▶ [DESCRIPTION OF THE TASK] Beneath this instruction is a listing; print exactly the lines in it starting at the line that contains "Milbemax Ontworming Tabletten" and going through the line that contains "ﾒｶﾞﾊﾞｽ/ﾎﾟｯﾌﾟﾏｯｸｽ".
BEGIN RECORDS PROVIDED
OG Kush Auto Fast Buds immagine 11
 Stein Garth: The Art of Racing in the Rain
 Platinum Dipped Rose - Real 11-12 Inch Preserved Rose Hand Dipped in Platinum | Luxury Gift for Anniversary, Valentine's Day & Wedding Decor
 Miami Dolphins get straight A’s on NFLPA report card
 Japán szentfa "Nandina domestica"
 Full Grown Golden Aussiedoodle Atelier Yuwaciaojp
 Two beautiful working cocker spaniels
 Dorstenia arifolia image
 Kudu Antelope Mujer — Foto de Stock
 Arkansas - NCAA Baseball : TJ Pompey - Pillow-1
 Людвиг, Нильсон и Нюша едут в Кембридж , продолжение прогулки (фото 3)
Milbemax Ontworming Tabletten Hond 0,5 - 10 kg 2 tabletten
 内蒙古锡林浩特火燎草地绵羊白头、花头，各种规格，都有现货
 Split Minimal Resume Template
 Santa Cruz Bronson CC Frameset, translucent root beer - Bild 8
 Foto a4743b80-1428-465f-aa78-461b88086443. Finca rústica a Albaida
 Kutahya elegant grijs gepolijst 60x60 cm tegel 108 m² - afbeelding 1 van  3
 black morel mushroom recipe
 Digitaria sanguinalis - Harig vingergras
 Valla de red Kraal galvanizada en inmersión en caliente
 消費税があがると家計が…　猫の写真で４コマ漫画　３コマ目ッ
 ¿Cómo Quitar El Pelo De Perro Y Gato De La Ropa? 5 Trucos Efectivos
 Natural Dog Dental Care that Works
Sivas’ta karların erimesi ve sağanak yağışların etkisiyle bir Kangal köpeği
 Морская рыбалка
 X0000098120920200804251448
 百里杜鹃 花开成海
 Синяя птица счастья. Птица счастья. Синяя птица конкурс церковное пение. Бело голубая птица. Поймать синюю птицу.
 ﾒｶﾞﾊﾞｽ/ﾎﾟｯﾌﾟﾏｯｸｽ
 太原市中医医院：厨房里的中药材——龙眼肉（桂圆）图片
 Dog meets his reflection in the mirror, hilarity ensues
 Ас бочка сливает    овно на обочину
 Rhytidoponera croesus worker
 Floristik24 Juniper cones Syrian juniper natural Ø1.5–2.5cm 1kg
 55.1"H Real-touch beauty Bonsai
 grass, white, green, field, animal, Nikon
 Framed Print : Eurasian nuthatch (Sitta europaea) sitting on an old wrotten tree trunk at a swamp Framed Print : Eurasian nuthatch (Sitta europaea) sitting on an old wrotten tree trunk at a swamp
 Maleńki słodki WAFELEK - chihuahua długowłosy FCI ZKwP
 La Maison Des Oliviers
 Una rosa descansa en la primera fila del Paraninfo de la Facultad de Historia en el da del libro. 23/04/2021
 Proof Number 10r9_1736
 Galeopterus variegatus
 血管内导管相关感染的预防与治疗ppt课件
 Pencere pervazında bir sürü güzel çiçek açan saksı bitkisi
END RECORDS PROVIDED
▶ [THE ANSWER]
Milbemax Ontworming Tabletten Hond 0,5 - 10 kg 2 tabletten
 内蒙古锡林浩特火燎草地绵羊白头、花头，各种规格，都有现货
 Split Minimal Resume Template
 Santa Cruz Bronson CC Frameset, translucent root beer - Bild 8
 Foto a4743b80-1428-465f-aa78-461b88086443. Finca rústica a Albaida
 Kutahya elegant grijs gepolijst 60x60 cm tegel 108 m² - afbeelding 1 van  3
 black morel mushroom recipe
 Digitaria sanguinalis - Harig vingergras
 Valla de red Kraal galvanizada en inmersión en caliente
 消費税があがると家計が…　猫の写真で４コマ漫画　３コマ目ッ
 ¿Cómo Quitar El Pelo De Perro Y Gato De La Ropa? 5 Trucos Efectivos
 Natural Dog Dental Care that Works
Sivas’ta karların erimesi ve sağanak yağışların etkisiyle bir Kangal köpeği
 Морская рыбалка
 X0000098120920200804251448
 百里杜鹃 花开成海
 Синяя птица счастья. Птица счастья. Синяя птица конкурс церковное пение. Бело голубая птица. Поймать синюю птицу.
 ﾒｶﾞﾊﾞｽ/ﾎﾟｯﾌﾟﾏｯｸｽ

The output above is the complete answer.